> _DATASET EXTRACT_:
────────────────────
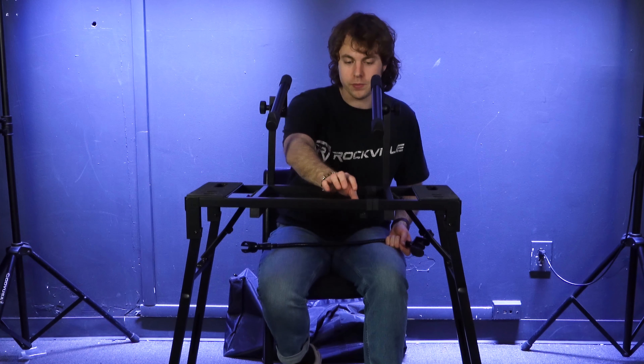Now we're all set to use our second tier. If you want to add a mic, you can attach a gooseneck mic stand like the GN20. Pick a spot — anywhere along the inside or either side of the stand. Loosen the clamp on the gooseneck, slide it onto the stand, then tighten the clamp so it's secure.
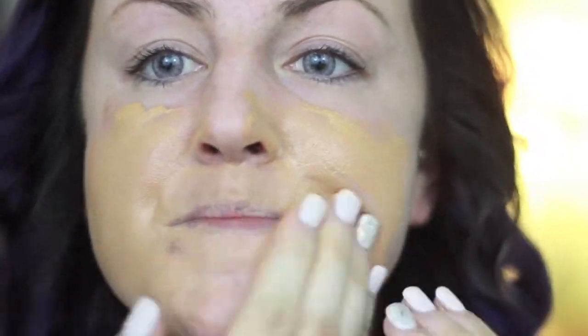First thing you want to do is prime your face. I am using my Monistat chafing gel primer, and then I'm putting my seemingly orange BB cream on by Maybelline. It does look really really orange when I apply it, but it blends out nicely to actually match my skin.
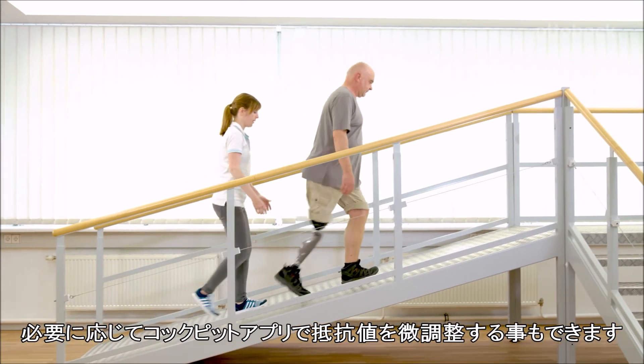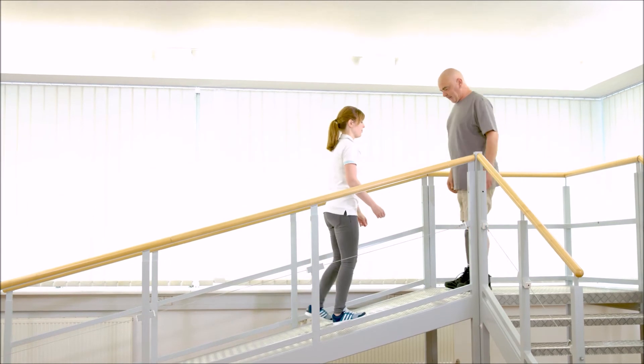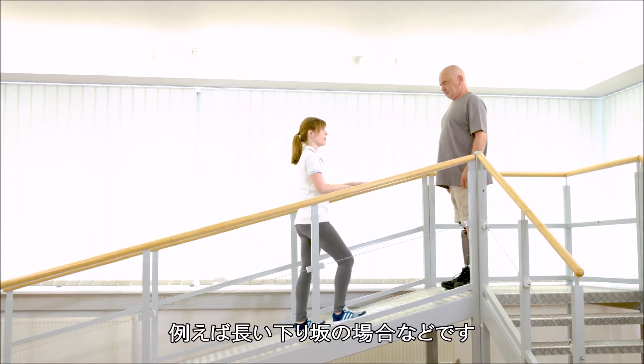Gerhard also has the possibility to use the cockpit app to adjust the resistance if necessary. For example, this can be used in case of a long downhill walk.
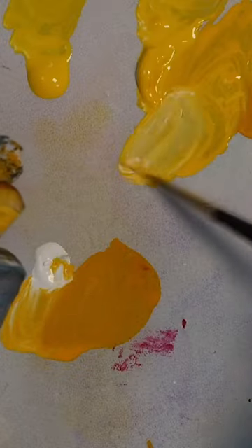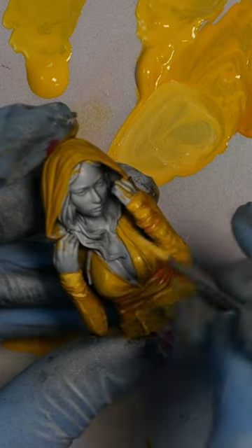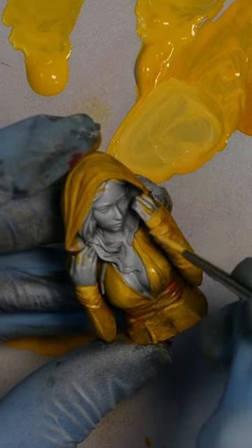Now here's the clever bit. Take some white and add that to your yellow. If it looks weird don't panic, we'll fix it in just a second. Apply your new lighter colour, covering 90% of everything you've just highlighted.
────────────────────
> _AIM OF THE TASK_:
Write out the material above exactly. Skip the pictures.

> _RESPONSE TO THIS EXERCISE_:
Now we're all set to use our second tier. If you want to add a mic, you can attach a gooseneck mic stand like the GN20. Pick a spot — anywhere along the inside or either side of the stand. Loosen the clamp on the gooseneck, slide it onto the stand, then tighten the clamp so it's secure.
First thing you want to do is prime your face. I am using my Monistat chafing gel primer, and then I'm putting my seemingly orange BB cream on by Maybelline. It does look really really orange when I apply it, but it blends out nicely to actually match my skin.
Gerhard also has the possibility to use the cockpit app to adjust the resistance if necessary. For example, this can be used in case of a long downhill walk.
Now here's the clever bit. Take some white and add that to your yellow. If it looks weird don't panic, we'll fix it in just a second. Apply your new lighter colour, covering 90% of everything you've just highlighted.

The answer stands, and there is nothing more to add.